No Search Warrant Required!

No Search Warrant Required!

This past summer 2019 the Washington Court Of Appeals began to define what an "exigent circumstances" is, when confronted with a DUI investigation and warrantless blood draws.

This past summer 2019 the Washington Court Of Appeals began to define what an "exigent circumstances" is, when confronted with a DUI investigation.

A brief history, the search of a person by way of a blood draw can only be done under three circumstances lawfully: by consent — freely and intelligently given, by search warrant, or by an exigent circumstance — an emergency, a now or never situation. These have been rare but are going to be present more often with this new case.

The 4th Amendment of the United States Constitution protects citizens from "unreasonable" search and seizure.  What is reasonable is different from the protection of the Washington State Constitution. The State Constitution provides more protection. Through Article 1, Section 7 of the Washington State Constitution the protection of citizens from "unreasonable search and seizure" is elevated. There must be "lawful authority" for the search and seizure. This means that what is reasonable is not sufficient, rather the police need "lawful authority," authorization under the law. This means, they need probable cause reviewed by a judge, and issuance of a warrant. This is where the rule comes from for search and seizure by State Agents: Police must have a warrant, uncoerced consent to search, or exigency. 

The first two are clear, but exigency has always been somewhat elusive and a pretty high standard, but this decision changes the understanding and law of what is "exigent." 

The facts are set out below.

The defendant, Anderson, had a car accident and himself sustained injuries — lacerations to his face, liver, and kidney. He also suffered a collapsed lung, four rib fractures, a wrist fracture, and bleeding around his adrenal gland. While being attended to, and responding to the accident, multiple people smelled alcohol on Anderson. Anderson told a paramedic, he had had "a few drinks." The paramedic drew Anderson’s blood with no warrant, and no consent from Mr. Anderson. This was drawn at the scene.

Mr. Anderson was then transported to the hospital for treatment and, once there, his blood was again drawn. Subsequent testing of the first draw on scene, showed that his blood alcohol content (BAC) was 0.19 grams of alcohol per 100 milliliters of blood and that he had 2.0 nanograms of THC (tetrahydrocannabinol) per milliliter.

At the trial Toxicologist Asa Louis testified that a second blood draw taken at the hospital showed a BAC of 0.18. However, prior to trial, Mr. Anderson moved to suppress the blood results due to a violation of the rules of search and seizure: No Warrant, No Consent, and No Exigency. When the trial court denied Anderson’s request to suppress the blood draw results, the court made a number of undisputed findings, and they were similar to previous case, Inman. The Appeals Court in reviewing the trial court decision relied on Inman.

Like the Defendant in Inman, Mr. Anderson was in a high-impact collision resulting in serious injuries to himself, and although he was able to respond to police officer and medic’s questions at the scene, and make eye contact, and then also walk to the medic station with a firefighter, supporting him on either side, he also had serious injuries that required treatment. These included lacerations to his face and organs, fractures, a collapsed lung, and bleeding around his adrenal gland.

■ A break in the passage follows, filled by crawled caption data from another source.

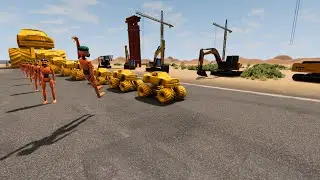 Cars vs Giant Hammer Van with Portal Trap - BeamNG.Drive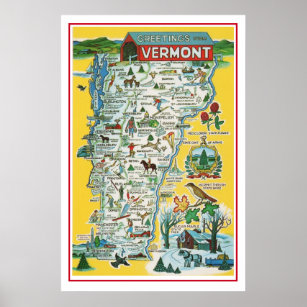 Impression de l'affiche Carte du Vermont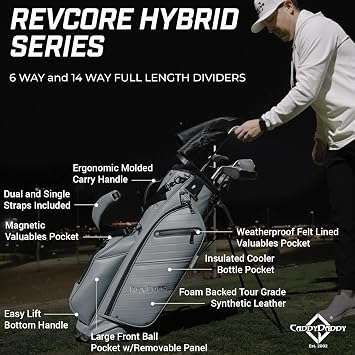 RevCore Luxury Hybrid Golf Stand Bag ScratchGuard Synthetic Leather 14 or 6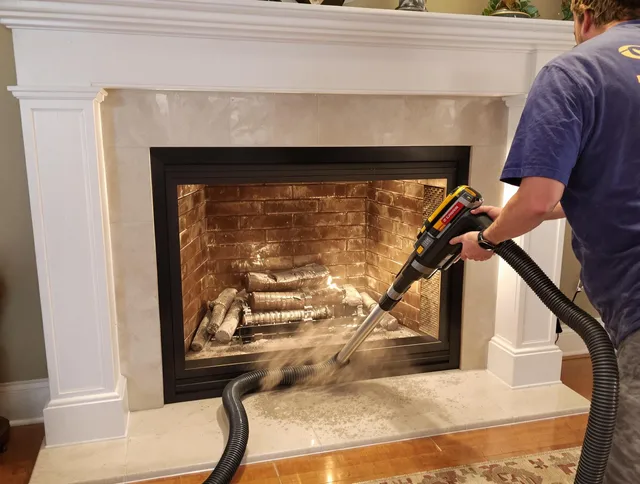 Fireplace cleaning performed by Lakeland Chimney Sweep in Lakeland, FL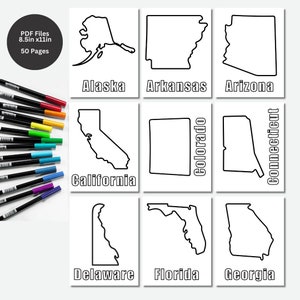 50 Page United States Coloring Pages - 8.5 in x 11 in - Digital Download, Printable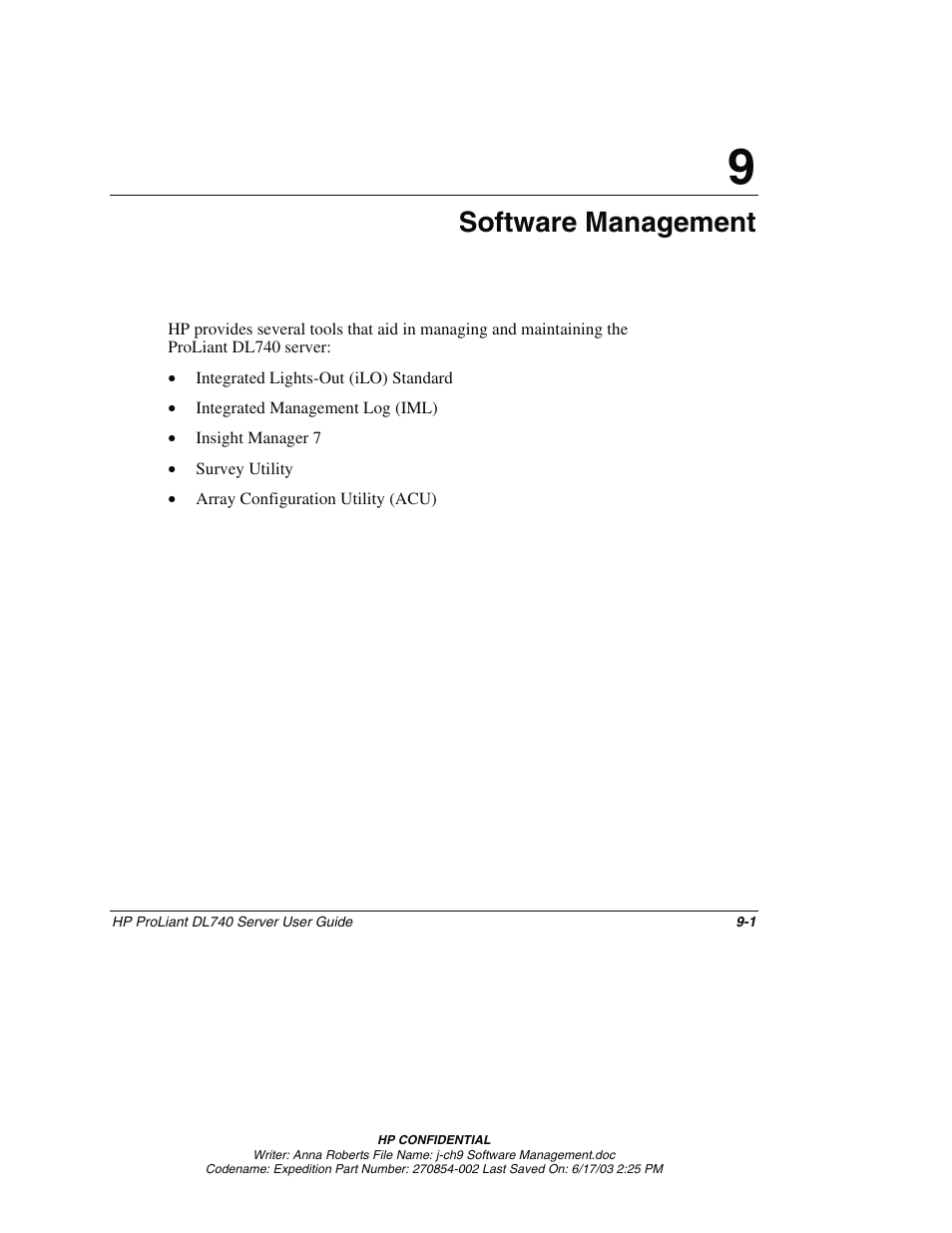 Chapter 9: software management, Chapter 9, Software management | HP ProLiant DL740 Server User Manual | Page 206 / 277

Similar to the Inman, case, medical treatment could have impacted the reliability of the blood draw results. As a result, a warrant was not practical because the delay caused by obtaining a warrant would result in the destruction of evidence or postpone Anderson’s receipt of necessary medical care. The totality of the circumstances establish that exigent circumstances existed to justify a warrantless blood draw. 

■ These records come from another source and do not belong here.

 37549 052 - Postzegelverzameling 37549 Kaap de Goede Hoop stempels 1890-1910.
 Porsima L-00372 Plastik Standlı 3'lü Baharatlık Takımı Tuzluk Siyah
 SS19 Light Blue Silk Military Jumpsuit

This case has now reduced the emergency circumstances to "possible" exigency. This is because the Court ignores the advances in technology that make obtaining a warrant easier and quicker than ever. It is also basing it on the fact that treatment of a person "might" allow the blood alcohol, if any, to be eliminated from the blood, despite no medical evidence to this effect. Police can obtain a warrant by email, via terminals in their patrol cars. I have seen these executed from start to finish in less than 20 minutes.

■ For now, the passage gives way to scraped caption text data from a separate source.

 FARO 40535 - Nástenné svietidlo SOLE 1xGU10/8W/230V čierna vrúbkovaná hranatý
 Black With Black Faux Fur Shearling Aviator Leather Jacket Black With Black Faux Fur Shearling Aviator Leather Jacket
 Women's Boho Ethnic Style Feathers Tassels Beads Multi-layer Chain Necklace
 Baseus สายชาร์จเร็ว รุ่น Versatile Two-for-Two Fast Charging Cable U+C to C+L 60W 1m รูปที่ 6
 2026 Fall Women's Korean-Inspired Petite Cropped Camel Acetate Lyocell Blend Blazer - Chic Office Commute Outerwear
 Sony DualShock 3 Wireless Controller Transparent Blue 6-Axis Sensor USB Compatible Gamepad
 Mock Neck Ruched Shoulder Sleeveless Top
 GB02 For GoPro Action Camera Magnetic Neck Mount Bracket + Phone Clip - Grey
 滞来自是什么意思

The only way a person’s blood alcohol is compromised by treatment is if they are given blood, the blood given dilutes the alcohol in the system, which is likely why the Court relied on the general sentiment of "medical treatment" (unknown might I add) "could" have impacted the results. The Court’s ruling just watered the down the protection against unlawful search and seizure by speculation. Speculation has never had a place in the law, the lowest standard we operate under in Criminal law is Probable Cause. This case, being issued, from the Appeals Court of Washington is subject to the Supreme Court's review and endorsement, or reversal of what's exigent.  Time will tell if the possibility of medical treatment, if necessary, and if given before a warrant can be obtained, might affect the blood results, will withstand the Supreme Court’s critical eye of review.